Troublesome Disguises cover

Troublesome Disguises cover
Painting by Titian. Venus at her ablutions. This novel is now available in audiobook, read by the author.

Thursday 27 October 2011

Buy the audio book of Troublesome Disguises- the First Francis Vallemont novel here- it's a whodunnit and is set in London and the Royal Court of Richmond, at Christmas, 1588/89. The ideal Christmas present. Written and read by the author. Remember though: it is me reading it and it is my first attempt and I'm not a professional reader- hence, the incredibly cheap price for a nearly 11 hour audio performance! Listen to a 50 minute chunk first- here: http://www.megaupload.com/?d=VYCUDHVM

Well, TDOTD's going reasonably well. So I've been tweeting a bit at night, after a long day's writing. Now,  feel I should keep up the blog. Going online and seeing how hard all those creative people work at marketing their work, is an inspiration to me. Marketing is not easy and for writers, who like me just want to write, it's a bother, I think. But I see now that it has to be done. (But not by me...signing off...will post new work here. Just need to write and read. It'll sell in the end.)

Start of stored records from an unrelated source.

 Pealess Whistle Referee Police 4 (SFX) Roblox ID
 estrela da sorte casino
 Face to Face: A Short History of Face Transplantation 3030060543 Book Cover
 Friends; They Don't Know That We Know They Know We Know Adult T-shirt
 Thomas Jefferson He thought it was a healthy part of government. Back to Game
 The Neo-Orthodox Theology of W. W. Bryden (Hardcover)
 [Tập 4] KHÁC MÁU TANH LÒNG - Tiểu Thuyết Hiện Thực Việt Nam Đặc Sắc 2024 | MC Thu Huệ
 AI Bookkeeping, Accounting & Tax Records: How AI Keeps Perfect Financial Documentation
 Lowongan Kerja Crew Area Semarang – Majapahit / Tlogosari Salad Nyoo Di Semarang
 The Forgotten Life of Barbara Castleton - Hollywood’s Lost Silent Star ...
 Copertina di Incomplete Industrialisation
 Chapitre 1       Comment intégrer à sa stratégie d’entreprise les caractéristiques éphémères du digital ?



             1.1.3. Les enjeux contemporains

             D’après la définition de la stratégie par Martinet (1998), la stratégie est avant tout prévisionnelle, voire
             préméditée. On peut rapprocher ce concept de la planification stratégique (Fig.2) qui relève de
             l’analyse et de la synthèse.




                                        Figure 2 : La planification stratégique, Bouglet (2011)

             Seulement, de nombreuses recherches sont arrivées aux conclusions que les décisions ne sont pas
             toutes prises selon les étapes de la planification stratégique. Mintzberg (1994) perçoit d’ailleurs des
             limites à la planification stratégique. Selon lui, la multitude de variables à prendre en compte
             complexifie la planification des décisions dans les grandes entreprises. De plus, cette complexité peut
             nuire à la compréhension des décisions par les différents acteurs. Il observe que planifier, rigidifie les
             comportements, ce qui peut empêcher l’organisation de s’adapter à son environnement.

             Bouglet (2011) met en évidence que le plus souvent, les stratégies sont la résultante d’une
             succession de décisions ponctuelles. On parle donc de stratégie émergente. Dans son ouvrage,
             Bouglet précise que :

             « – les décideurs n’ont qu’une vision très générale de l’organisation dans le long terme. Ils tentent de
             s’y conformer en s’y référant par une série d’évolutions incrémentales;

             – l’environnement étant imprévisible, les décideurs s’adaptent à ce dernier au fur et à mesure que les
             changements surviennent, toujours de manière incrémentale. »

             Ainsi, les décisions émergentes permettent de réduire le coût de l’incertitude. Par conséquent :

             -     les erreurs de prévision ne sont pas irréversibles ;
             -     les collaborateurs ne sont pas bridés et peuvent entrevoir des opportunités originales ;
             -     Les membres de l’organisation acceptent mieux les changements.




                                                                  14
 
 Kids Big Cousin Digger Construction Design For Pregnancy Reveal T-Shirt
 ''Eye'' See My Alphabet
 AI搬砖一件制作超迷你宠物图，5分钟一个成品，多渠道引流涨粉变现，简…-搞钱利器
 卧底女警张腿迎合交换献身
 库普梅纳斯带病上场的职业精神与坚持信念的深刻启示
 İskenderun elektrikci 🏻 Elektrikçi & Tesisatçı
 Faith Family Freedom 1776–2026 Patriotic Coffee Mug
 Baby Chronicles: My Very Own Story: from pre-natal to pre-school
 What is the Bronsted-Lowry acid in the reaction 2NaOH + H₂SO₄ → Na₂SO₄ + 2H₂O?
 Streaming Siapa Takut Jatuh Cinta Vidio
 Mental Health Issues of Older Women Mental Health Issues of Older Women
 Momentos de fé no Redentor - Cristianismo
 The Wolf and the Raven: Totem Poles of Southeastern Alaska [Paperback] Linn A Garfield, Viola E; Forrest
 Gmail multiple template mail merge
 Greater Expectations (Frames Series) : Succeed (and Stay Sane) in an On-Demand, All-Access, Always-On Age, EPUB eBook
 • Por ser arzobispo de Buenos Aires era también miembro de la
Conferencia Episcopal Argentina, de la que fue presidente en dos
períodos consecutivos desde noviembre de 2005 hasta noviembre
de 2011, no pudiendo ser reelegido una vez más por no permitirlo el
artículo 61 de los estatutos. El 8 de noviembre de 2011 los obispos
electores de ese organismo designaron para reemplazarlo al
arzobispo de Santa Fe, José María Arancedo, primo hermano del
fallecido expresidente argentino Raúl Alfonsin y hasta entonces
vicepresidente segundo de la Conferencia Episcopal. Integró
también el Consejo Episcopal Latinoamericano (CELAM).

London? The greatest city in the world! (I know, you thought yours was!!) I used to work there years ago, when I was in my teens- it's a truly great city. And that is why I've placed my hero, Francis Vallemont, there. I know that City well- I worked there for nearly four years and, of course, have lived there on a few other occasions over the years, working and playing, though briefly. You should go there. It is drenched in history and can be very romantic- every bit as much as Paris! With the parks and the little back streets, and wealth and poverty- all life is there. And it's a very young city, by which I mean, many young people work there- they go there to get a start in life, a start that their hometown wouldn't be able to offer them. Just as Americans go to New York or LA, I suppose, or provincial French people go to Paris. Of course, I now know much more about London's history than I did when I lived there. I can appreciate the place more. We have good maps of the place from Elizabethan times, and some excellent primary sources (that's first hand or eyewitness accounts), so it is possible to reconstruct it in the mind- well enough, I believe, to set a novel back there, and make your characters live and breathe. That's what I'm trying to do- but I'm using the whodunnit form to keep me disciplined otherwise, I might get a bit literary and writerly, and start to think spouting my thoughts is somehow clever. Constructing well plotted and charactered stories is my aim- I'm not one of those novel writers who thinks he's a poet! I am writing about what I know. My character is from the Westcountry (like me) and has come to London in his youth (as I did), but Vallemont is having much, much more success with the ladies than I ever did!